If you followed the Apple v Samsung trial, you probably heard media reports on how Apple quoted high-level Samsung management, thanks to notes taken by Samsung employees related to meetings held by Samsung’s Head of Design and other top designers, as saying “let’s make something like the iPhone”. Apple alleged this, and other evidence, proves that Samsung’s intent was to blatantly copy the iPhone. The jury obviously agreed and slapped Samsung with a $1.05 billion fine. After reading the unredacted court files, Groklaw says Apple selectively quoted Samsung employees to get its point across; in other words, it mislead the judge and jury.

Read the following, which are various statements made by Samsung’s Head of Design as per notes taken by Samsung employees:

>>I hear things like this: Let’s make something like the iPhone.

>>When everybody (both consumers and the industry) talk about UX, they weigh it against the iPhone. The iPhone has become the standard. That’s how things are already.

>>To everyone, he said you must think at least six months ahead; be the solution to the problems that related departments come looking for. Be people with creativity.
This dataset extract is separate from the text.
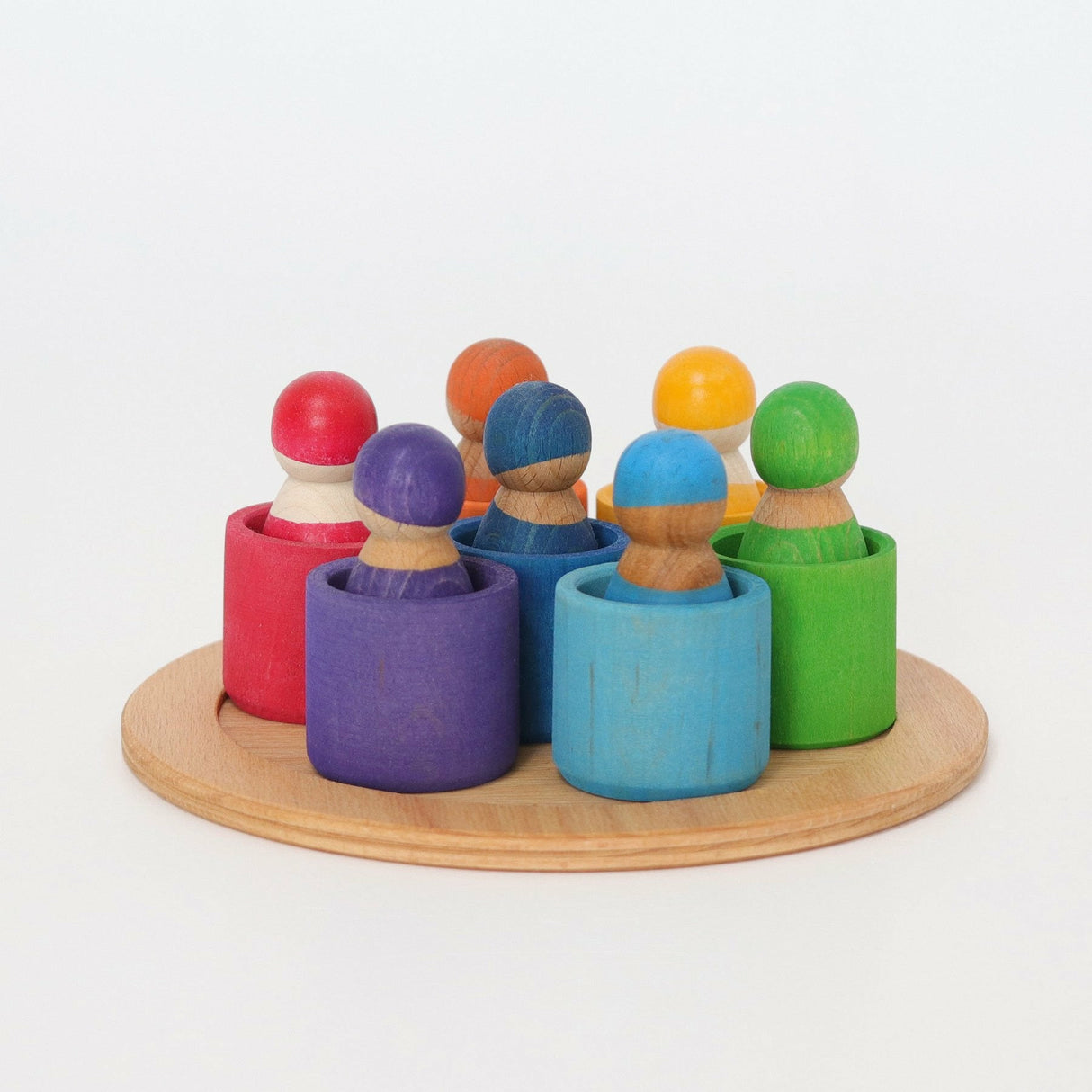 Grimm's | Sieben Freunde in Holzschälchen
>>Designers rightly must make their own designs with conviction and confidence; do not strive to do designs to please me (the president); instead make designs with faces that are creative and diverse.

>>Our biggest asset is our screen. It is very important that we make screen size bigger, and in the future mobile phones will absorb even the function of e-books.

The very first statement in the above quote is what Apple used to claim Samsung told its employees “let’s make something like the iPhone” while the other statements are from the same or other meetings. According to Groklaw, none of the statements present in the unredacted documents indicate Samsung encourages its employees to copy the iPhone, as Apple alleged; rather, Groklaw feels Samsung is clearly telling its employees that while the industry wants another iPhone, Samsung should be “creative and diverse”… which is nothing like telling employees to copy the iPhone. Sure the iPhone is the standard that will be used to judge Samsung devices but Samsung designers “must make their own designs with conviction and confidence”.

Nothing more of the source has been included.